As the base for a hobby gunsmithing project, it's a pretty good place to start - that's really why I bought it. For a range pistol, it's okay, but you're probably never going to draw a crowd unless you paint is pink or zombie green. For action matches, it will probably do well-enough with an adjustable sight, as bullseye accuracy isn't usually necessary. The stock sights being actual G.I. style, are notorious for being hard to find. Because of the feeding problem with non-round bullets, I don't recommend taking it out of the box, and using it as a defense pistol. Keeping the bargain-basement price in mind, I guess it's not a bad deal. It's only about 60% the price of a Springfield Range Officer, so you have some money to buy grips, a larger thumb safety, maybe a magazine well and beavertail grip safety and jig, and fit a tighter bushing, if that's what you want. The Range Officer does come with an adjustable rear sight, fiber-optic front sight, and a ramped barrel, however.
Modifications as pictured - Wilson Combat extended slide stop lever and magazine catch. Wolff 17 pound mainspring*. Wolff sear spring. Colt arched mainspring housing. Ed brown reduced power mag catch spring. Nowlin long match trigger. Fusion small-radius stainless firing pin stop. ProMag Tough Grips. EDIT: Added EGW National Match bushing, which installed in about 10 minutes using a Dremel with a cratex cylinder, and a few file strokes on the lug. The barrel now locks up TIGHT.
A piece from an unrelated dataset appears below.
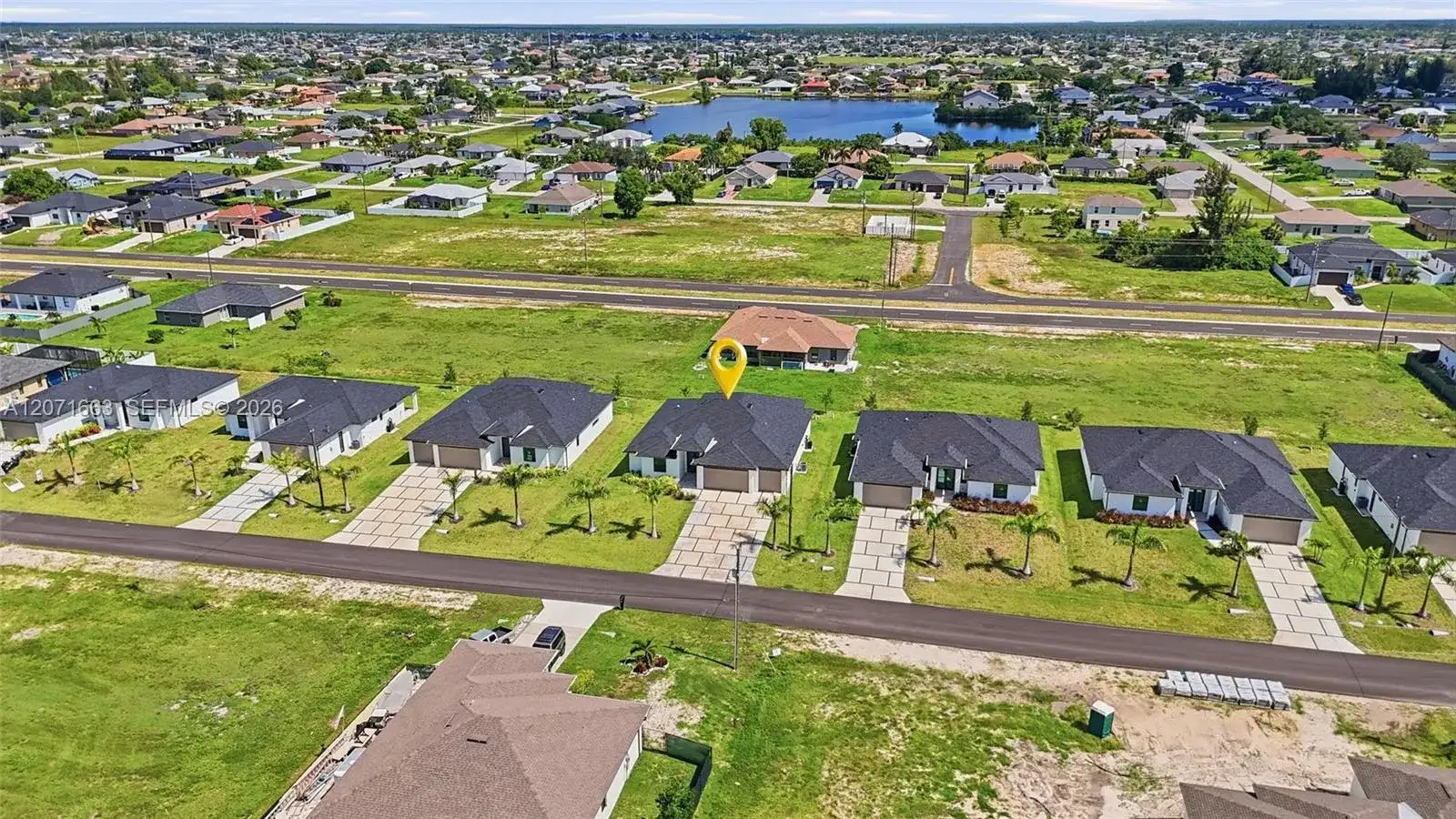 329 NE 15th Ter, Other City - In The State Of Florida FL 33909 photo 3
I'm not even close to being done with this pistol yet. My intention is to build an 80's style custom pistol, complete with period holster rig. Think along the lines of Pachmayr custom shop, Jim Hoag, and Richard Heinie. Something that would've made Magnum P.I. drool, and considering trading in his Ferrari to free up some cash to get work done on his plain vanilla Mk.IV. Maybe one of the dumbest ideas I've ever had, because I'll probably never be able to sell it, much less get out of it what I put into it in the 21st century.
Building a Low-Buck Shooter
Brownells Gun Tech - Jack Weigand 2 1/2 pound trigger pull instructions
Armscor/Rock Island Armory Home Page
* - Discovered that the Rock Island 9mm mainspring is 18 pound. Didn't really need to change it, but I already had a 17 pound spring, and I didn't have to disassemble the RIA mainspring housing, which is a little tricky.